Italian Communications Platform as a Service company

Kaleyra is an Italian Communications Platform as a Service (CPaaS) company that provides API and visual tools to communicate with customers worldwide through various channels, including SMS, MMS, RCS, WhatsApp for Business, Video, and Voice.

Kaleyra's services also include access to virtual numbers (toll-free, local and mobile), lookup services, and integration plugins. The company serves as a partner for Google's services, Verified SMS and Verified Calls.

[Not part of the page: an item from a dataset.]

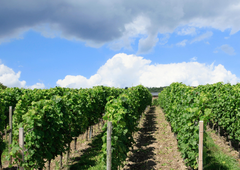 Se obdobje sončnega vremena končuje? Kmalu znova povečana možnost neviht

It was listed company in NYSE American (NYSE:KLR) from November 2019 until October 2023 when it was acquired by Tata Communications.

==History==
The company was founded in 1999 as Ubiquity in Italy by Dario Calogero, the current CEO and Board of Directors’ member. In 2016, it was renamed Kaleyra after acquiring the Indian company Solutions Infin.

In 2018, Kaleyra acquired the US-based company Buc Mobile, which owned Hook Mobile. In June 2021, it acquired US-based mobile messaging solution provider mGage for $215 million in cash and Kaleyra common stock and became a Tier-1 messaging provider in the United States.

In July 2021, Kaleyra acquired Bandyer a European company providing Audio and Video APIs and SDKs, for an undisclosed sum. In August, Kaleyra's common stock shares were approved for uplisting to the New York Stock Exchange from its previous listing on the NYSE American.`

In February 2023, the company pleaded guilty to 22 charges relating to breaches of the Communications Regulation Act in Ireland. This was as a result of a malware incident that led to so-called 'spoofing', which saw customers' numbers being falsely signed up for premium rate services between August 2021 and continued until January 2022. Following this, it withdrew from the Irish market.

On October 5, 2023, it was announced that Tata Communications completed the purchase of Kaleyra for approximately 100 million dollars.